In most countries around the world children grow up learning more than one language during early childhood. Research supports the brain’s ability to learn multiple languages simultaneously when both languages are supported. While it may take dual language learning children slightly longer to develop the same vocabulary in each language compared to monolingual children, bilingual children are able to catch up with the added benefit of attaining proficiency in a second language, as well as with the acquisition of additional cognitive skills gained during its learning. The challenges created when switching between languages are associated with increased cognitive control, added working memory, higher attention to relevant versus irrelevant task cues, mental or cognitive flexibility and improved language skills. The linguistic challenges required for young children to learn more than one language enhance the brain’s ability to learn additional languages.

Many parents fear that children in a dual language program will be at an academic disadvantage to students in an English only program when it comes to academic achievement and standardized testing. In fact, the opposite is true. Research shows learning a second language offers significant cognitive benefits including improved problem solving skills and increased mathematical ability, as well as enhanced metalinguistic skills (the ability to understand language structure).

Students in dual language immersion programs consistently outscore their monolingual counterparts across a broad spectrum of economic backgrounds.
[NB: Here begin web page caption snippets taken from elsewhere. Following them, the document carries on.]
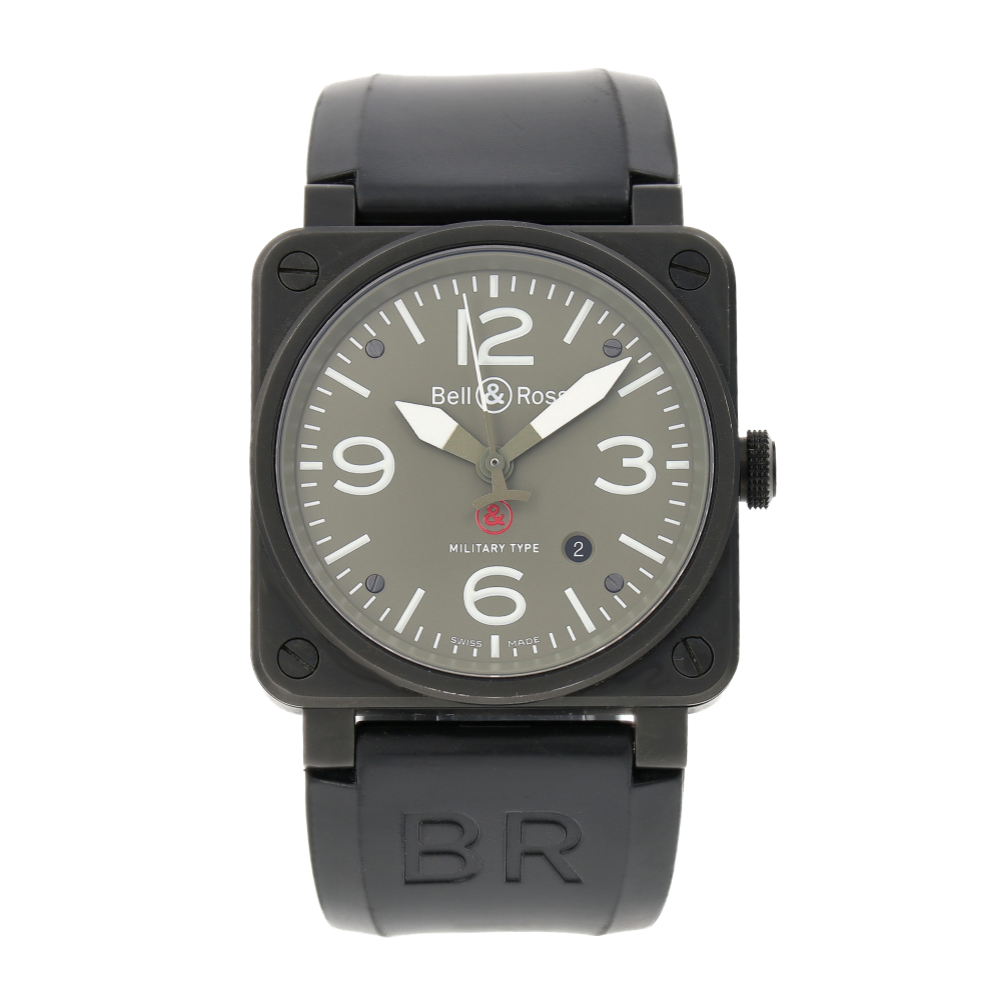 BELL_&_ROSS_BR_03-92_MILITARY_TYPE image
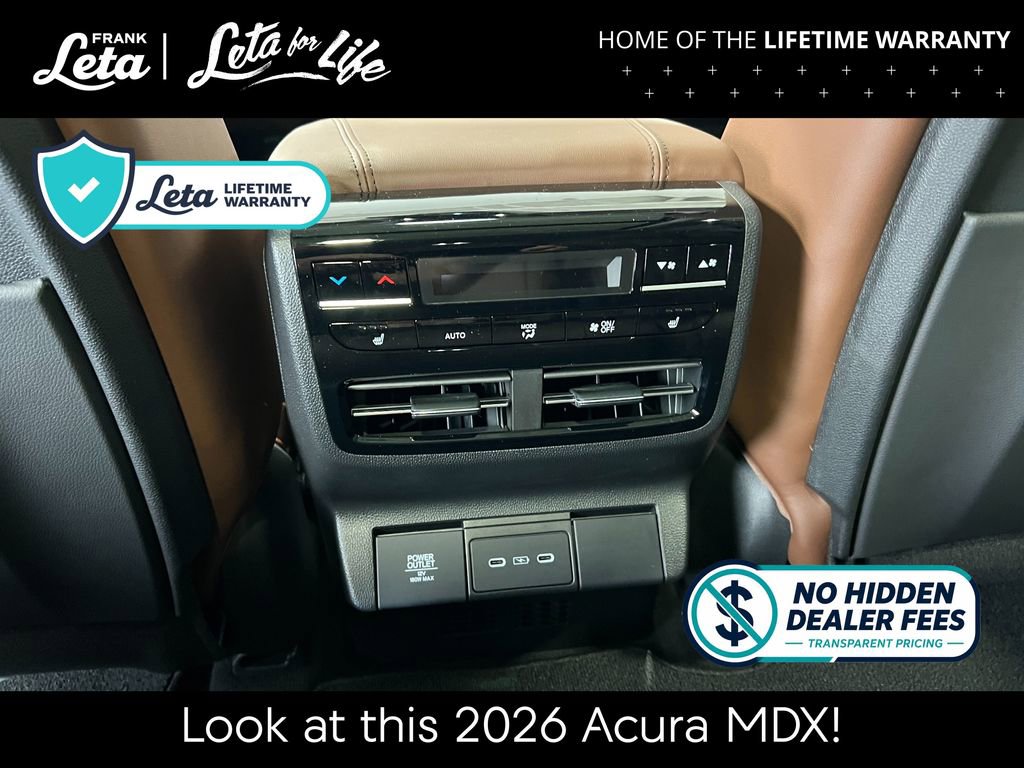 New 2026 Acura MDX SH-AWD w/ Advance Package image 32
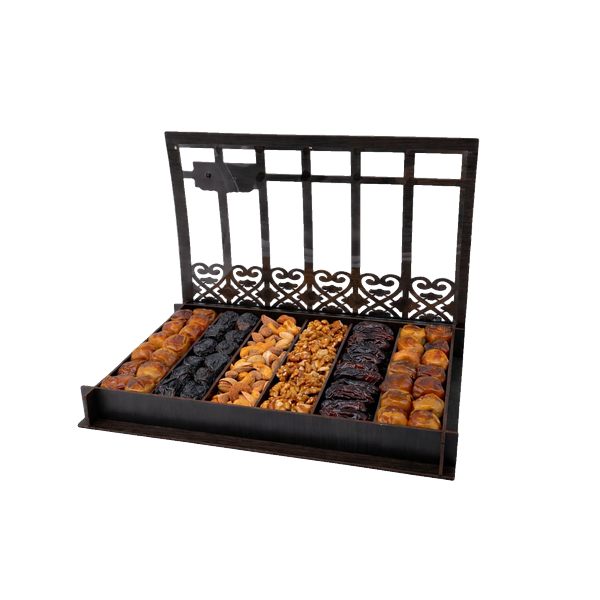 Premium Geschenkbox mit Datteln & Nüssen – 1,3kg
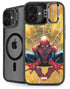 Marvel Spiderman Web Shooting iPhone 16 Kickstand Case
Foreign language students statistically score higher on standardized tests conducted in English. In its 1992 report, College Bound Seniors: The 1992 Profile of SAT and Achievement Test Takers, the College Entrance Examination Board reported that students who averaged four or more years of foreign language study scored higher on the verbal section of the Scholastic Aptitude Test (SAT) than those who had studied four or more years in any other subject area. In addition, the average mathematics score for individuals who had taken four or more years of foreign language study was identical to the average score of those who had studied four years of mathematics. These findings are consistent with College Board profiles for previous years.

While it is true that children are generally more adept than adults at learning a second language, a specific set of conditions need to be in place in order to take full advantage of this natural ability. Videos and television alone are not an effective medium to learn a second language. Parents, teachers or caretakers with an understanding of how to help children scaffold their learning are vital factors in foreign language acquisition. While children may be able to speak fluently after two to five years, it will take approximately five to seven years for children to develop academic language.

In most immersion programs, children come from families in which the parents do not speak the target language. If children continue for five to seven years in a well-structured immersion program, they become bilingual and bi-literate. Sometimes parents who do not speak the target language well are concerned that speaking incorrectly or with a non- standard accent will be detrimental. Parents who demonstrate a willingness and effort to try speaking are sending a valuable message to their child that the language learning is an effort worth undertaking.